Waiving stamp duty on electric cars would save buyers between $1,500 and $8,000 depending on the value of their purchase.
Signatories to the letter to state politicians include Mitsubishi, Volkswagen, the Electric Vehicle Council, Solar Citizens, Conservation SA, Doctors for the Environment Australia and The Australia Institute.
As well as calling for a stamp duty waiver, they also want the planned subsidy implemented.
The Australia Institute’s South Australian director, Noah Schultz-Byard, said a survey had found seven out of 10 South Australians would be less likely to buy an electric vehicle (EV) if the government introduced the road user charge.
“That’s why we’re saying if the government’s going to introduce their EV tax, they also need to support the sector by permanently abolishing stamp duty on all EV sales,” he said.
The government has put off introducing the tax until 2027 or when electric vehicles make up 30 per cent of all new vehicle sales.
It would eventually help recuperate lower tax collected from the fuel tax excise as more people turn to electric cars.
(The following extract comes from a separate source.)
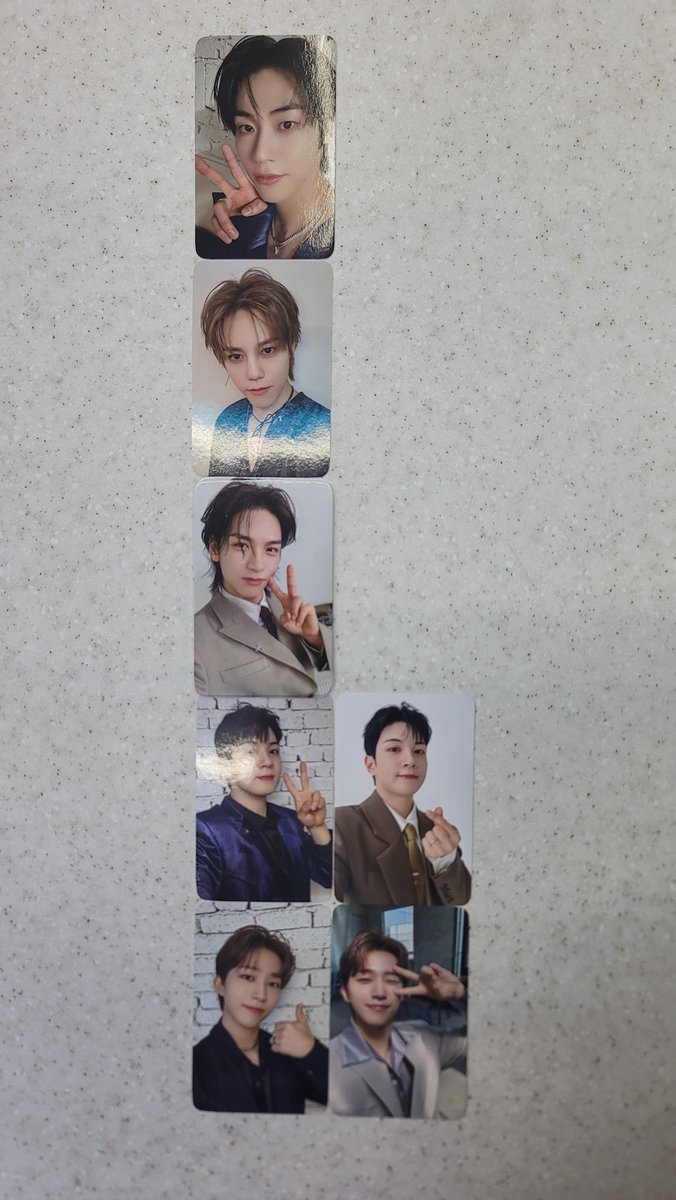 92_10_31's tweet photo. 엔플라잉 에버래스팅 팬시 버전 앨범 포카 교환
The proposed subsidy would come in on July 1 next year, after the March state election, and would cost the government $36 million.
Government promotes backers
Following the publication of the letter, the state government this afternoon promoted support of its policy from the Royal Automobile Association of South Australia (RAA), the Federal Chamber of Automotive Industries and Business SA.
“The delay of the road user charge, along with an incentive package, should support EV uptake and ensure we have a sustainable transport funding model going forward,” RAA mobility technology specialist Mark Borlace said.
Treasurer Rob Lucas said it was important there was a “long-term sustainable model for critical road funding”.
“They know, as the state transitions towards a higher concentration of zero and low emission vehicles, it’s vital to ensure all vehicle owners, regardless of what car they drive, contribute to the upkeep of our roads into the future,” he said.
The Opposition and crossbenchers oppose a road user charge.
“Car manufacturers and groups see there is a future in this industry, and they want the Marshall Liberal government to back them in — not enforce more taxes,” Labor environment spokeswoman Susan Close said.
The Victorian, NSW and Tasmanian government have all announced road user charges following the South Australian government’s lead.
The Victorian incentive program is similar to South Australia, with a $3,000 subsidy offered on cheaper electric vehicles.
NSW has promised stamp duty waivers and a $3,000 rebate, while Tasmania has promised a two-year stamp duty waiver.